3.3 Down-regulation of Lon decreased proliferation and colony formation of HeLa cervical cancer cells

Enhanced cell growth is one of the most important characteristics of tumor development. We next studied the impact of knocking down Lon on HeLa cell proliferation in vitro. The cell proliferation assay showed that cell growth rate in the Lon shRNA group was significantly lower than in the CTR group (P < 0.05; Figure 3 D). Microscopic analysis showed that the size of the cellular colony was observed to be relatively smaller in the Lon group as compared to the control group (data not shown).
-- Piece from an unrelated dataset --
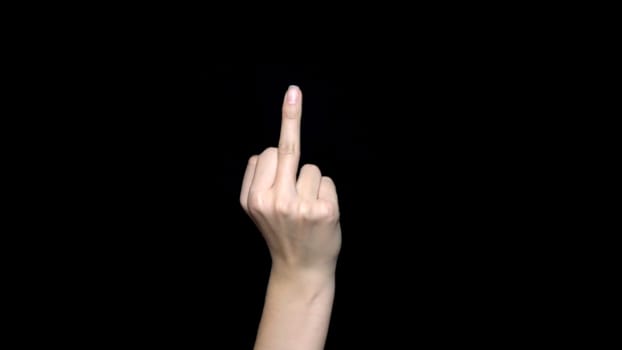 Hand sign showing middle finger in rude way meaning fuck off, isolated on black background. Human hand sign showing middle finger, negative expression.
3.4 Down-regulation of Lon expression decreases energy metabolism of HeLa cervical cancer cells

We proceeded to determine the effect of Lon knockdown on cellular energetics by measuring oxygen consumption rates (OCR) and extracellular acidification rates (ECAR), which are indicators of mitochondrial respiration and lactic acid production via aerobic glycolysis in cells respectively. Basal OCR (baseline minus oligomycin), which is a measure of oxidative phosphorylation (OXPHOS), was found to be considerably lower in the Lon group as compared with that of the control group (P < 0.001; Figure 4 B), reflecting a lower reliance on OXPHOS for energy production in Lon-shRNA cells. A substantial block in glycolysis was also observed in the Lon group as shown by a significant decrease in ECAR relative to the CTR group (Figure 4 D, baseline). The addition of oligomycin, which inhibits the F0 ATP synthase complex and electron flow, dramatically decreased the OCR in both groups to a similar extent (Figure 4 A, oligomycin). An increase in ECAR in response to oligomycin was found to correlate with the decrease in OCR (P < 0.05; Figure 4 D, oligomycin), indicating increased lactate production via glycolysis. FCCP injection uncoupled mitochondrial respiration from ATP synthesis and dramatically increased the OCR in both cell lines, giving an estimation of the reserve respiratory capacity of the mitochondria (Figure 4 A, FCCP). Finally, addition of the complex I inhibitor rotenone resulted in a similarly drastic decrease in OCR in both cell lines, and the residual OCR was considered the non-mitochondrial cellular oxygen consumption (Figure 4 A, rotenone). Lon shRNA knockdown resulted in a marked reduction of the total mitochondrial respiratory capacity as compared to the control cells (P < 0.001; Figure 4 C). Taken together, these results demonstrate that the down-regulation of Lon expression in HeLa cells inhibits the cellular energy metabolism.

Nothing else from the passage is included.